- TASK DETAILS
In the records below, find the line containing "Cameras, webcams &", then print it and every following line exactly, through the last, without pictures.

- DATA TO EXAMINE
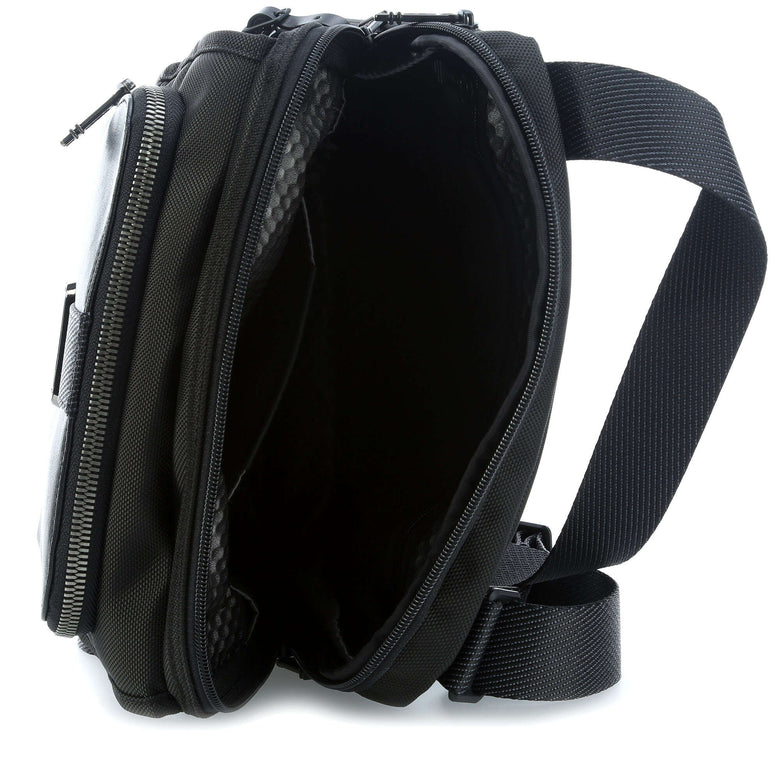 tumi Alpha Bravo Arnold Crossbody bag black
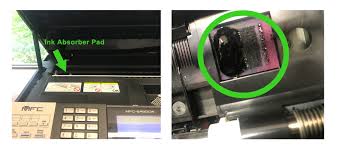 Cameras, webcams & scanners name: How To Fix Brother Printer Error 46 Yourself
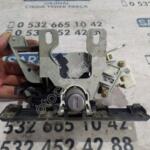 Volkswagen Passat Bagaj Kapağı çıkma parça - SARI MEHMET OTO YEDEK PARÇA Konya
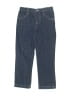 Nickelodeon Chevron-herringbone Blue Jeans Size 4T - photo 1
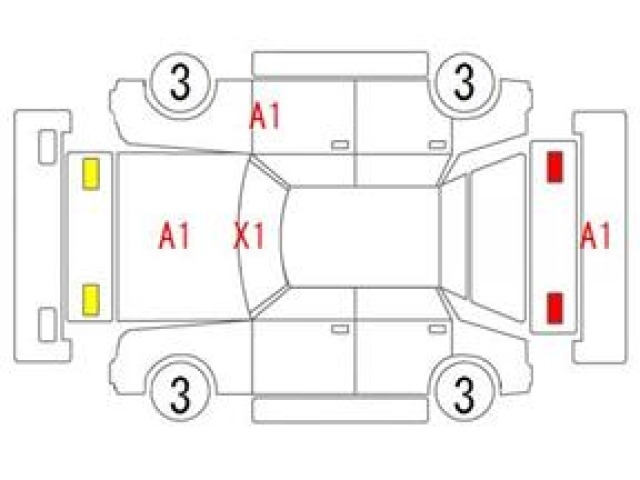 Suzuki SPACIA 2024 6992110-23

- REPLY
 Cameras, webcams & scanners name: How To Fix Brother Printer Error 46 Yourself
 Volkswagen Passat Bagaj Kapağı çıkma parça - SARI MEHMET OTO YEDEK PARÇA Konya
 Nickelodeon Chevron-herringbone Blue Jeans Size 4T - photo 1
 Suzuki SPACIA 2024 6992110-23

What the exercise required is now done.